> _Directions for this task_
From the first line to the last, copy the material exactly and leave the pictures out.
BEGIN
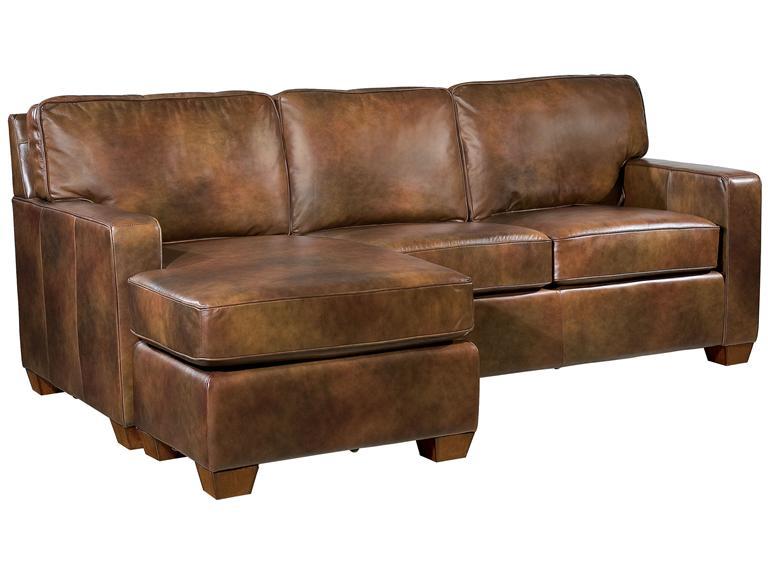 Howard Miller 1206-86LTN Bob Leather Chaise Sofa, Flip End - фото 1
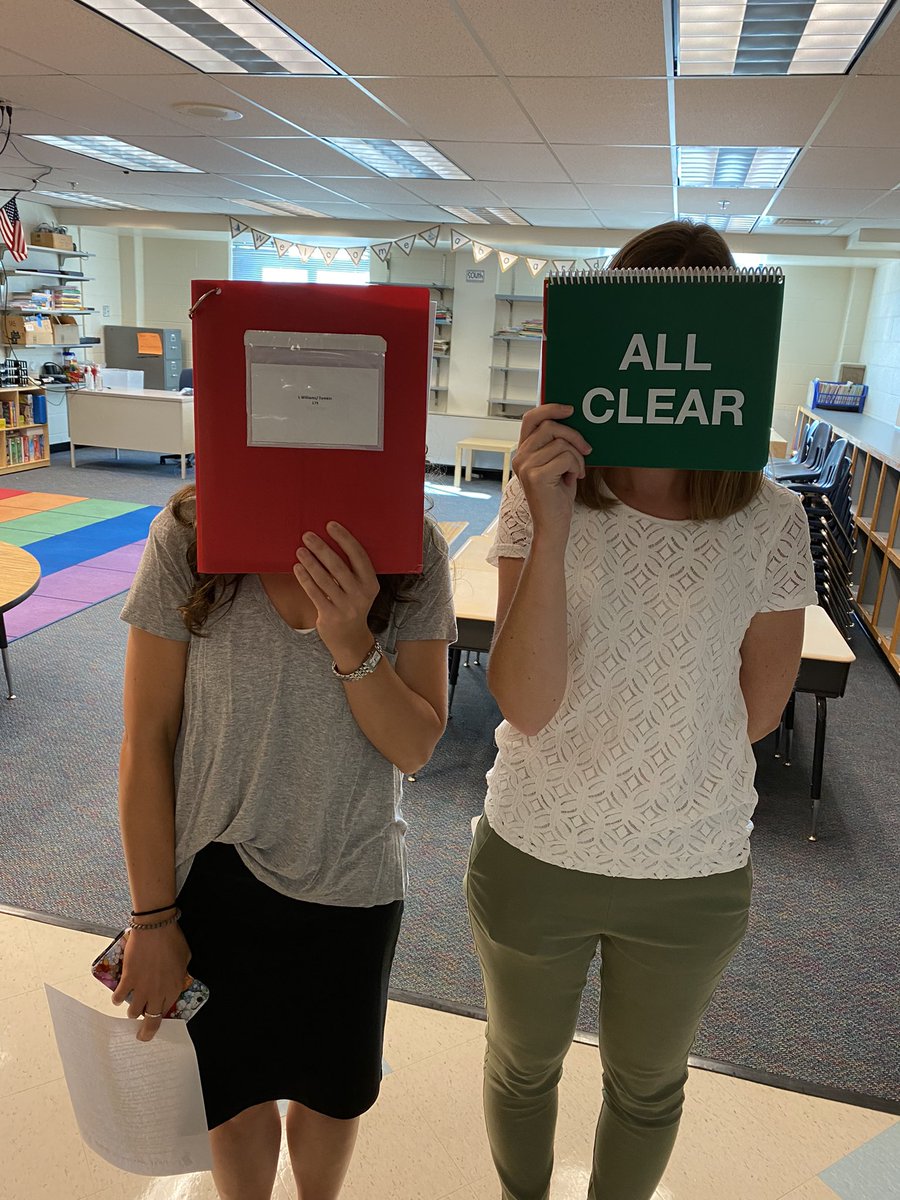 beisek13's tweet photo. ALL CLEAR! We read our staff handbook and are prepared for our first fire drill!! @longbranch_es https://t.co/ZgraPPeSwb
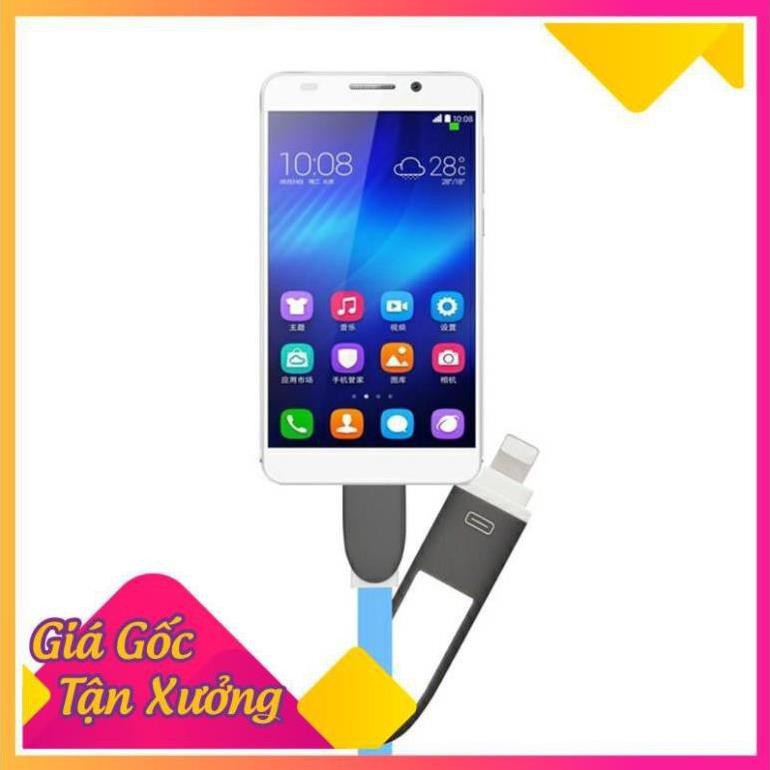 Dây Cáp Sạc Truyền Dữ Liệu 2 Trong 1 Cho Iphone Android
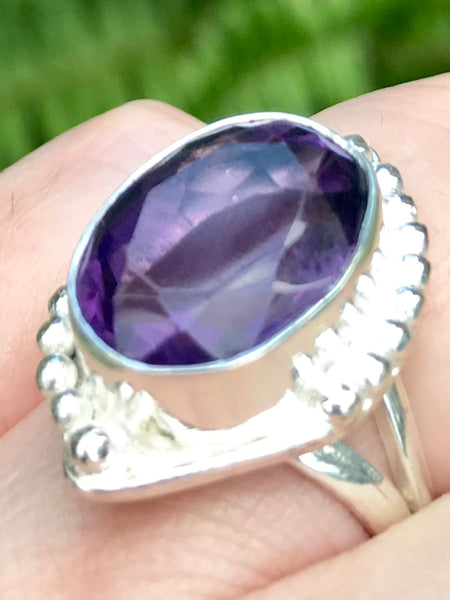 Amethyst Cocktail Ring Size 6.5 - Morganna’s Treasures 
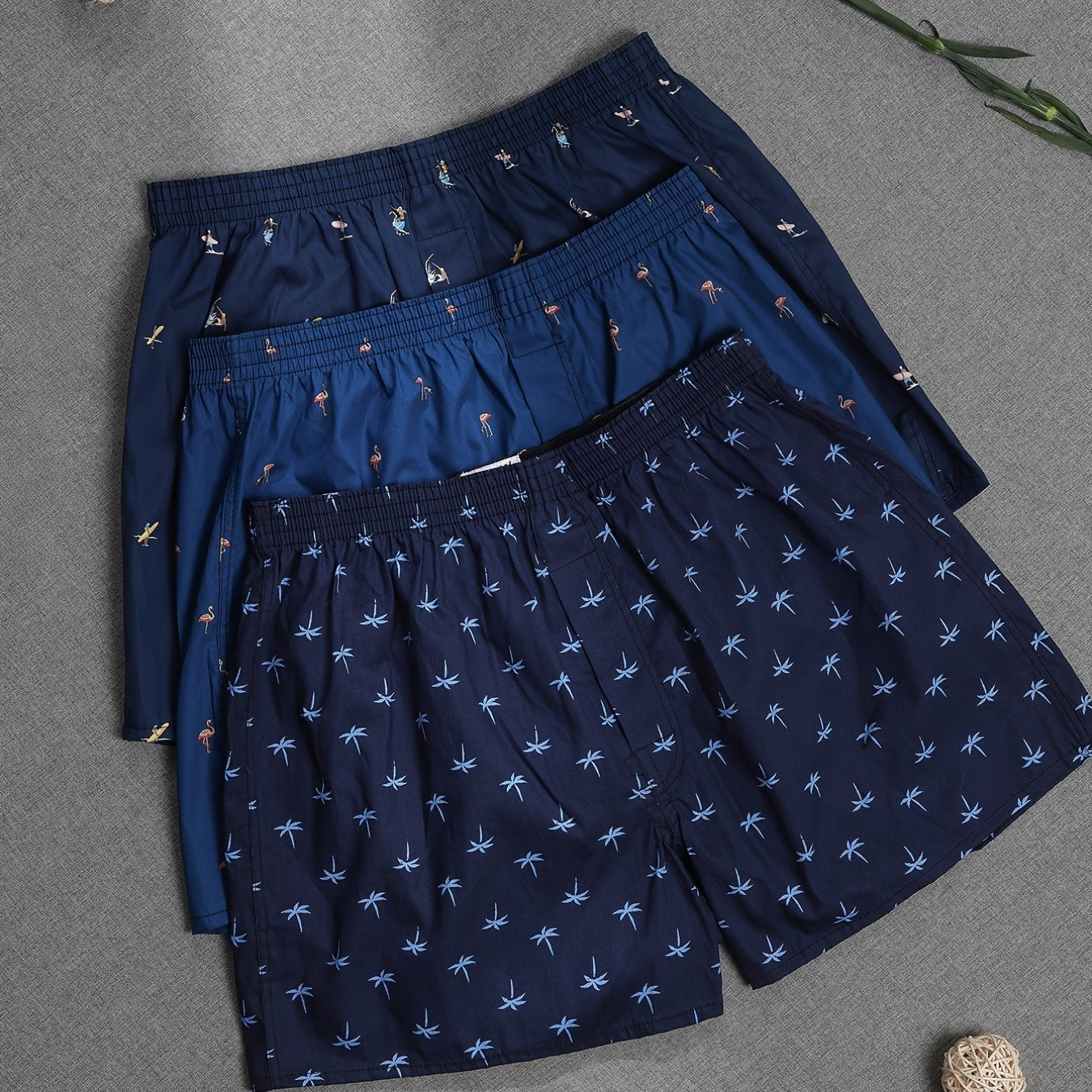 Set of 3 Men's Boxers made of 100% Cotton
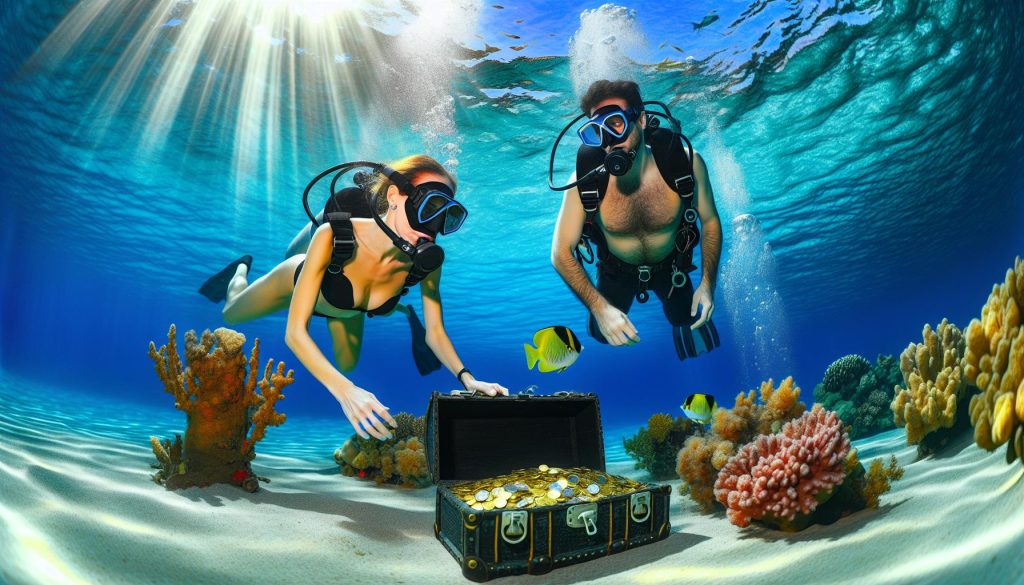 Hra kde se hledá pod vodou poklad: TOP diving games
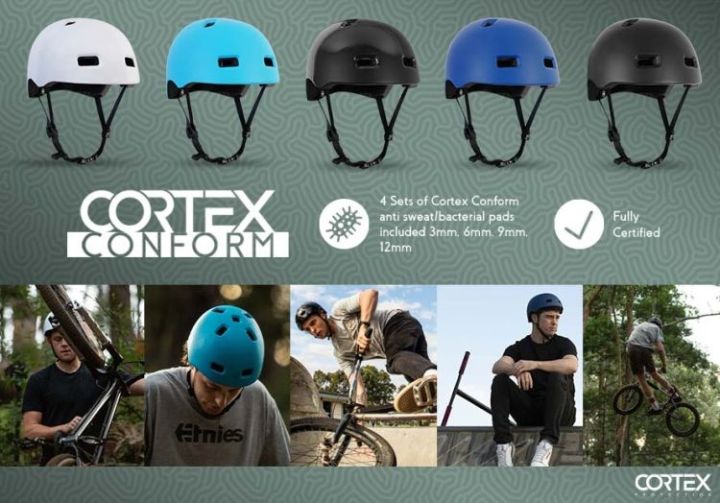 Casco Cortex Conform Matte Blue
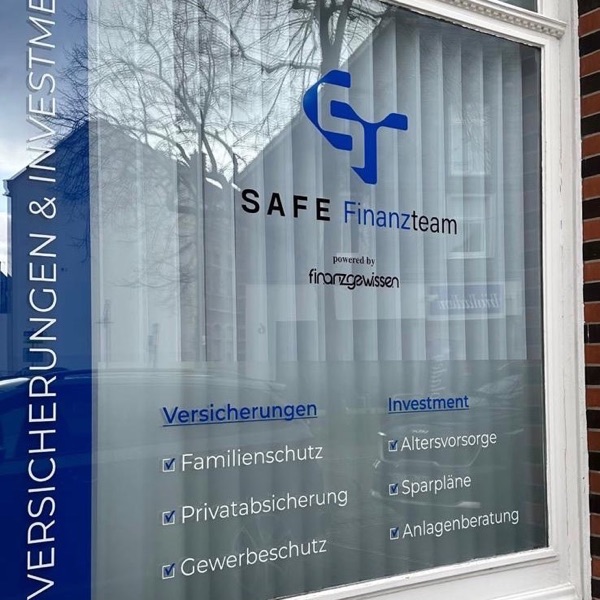 Partnerbüro SAFE Finanzteam mit dem Zusatz powered by finanzgewissen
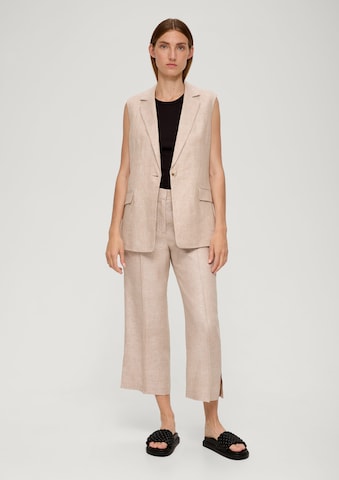 s.Oliver BLACK LABEL Wide leg Pants in Beige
END
> _Response to this task_
 Howard Miller 1206-86LTN Bob Leather Chaise Sofa, Flip End - фото 1
 beisek13's tweet photo. ALL CLEAR! We read our staff handbook and are prepared for our first fire drill!! @longbranch_es https://t.co/ZgraPPeSwb
 Dây Cáp Sạc Truyền Dữ Liệu 2 Trong 1 Cho Iphone Android
 Amethyst Cocktail Ring Size 6.5 - Morganna’s Treasures 
 Set of 3 Men's Boxers made of 100% Cotton
 Hra kde se hledá pod vodou poklad: TOP diving games
 Casco Cortex Conform Matte Blue
 Partnerbüro SAFE Finanzteam mit dem Zusatz powered by finanzgewissen
 s.Oliver BLACK LABEL Wide leg Pants in Beige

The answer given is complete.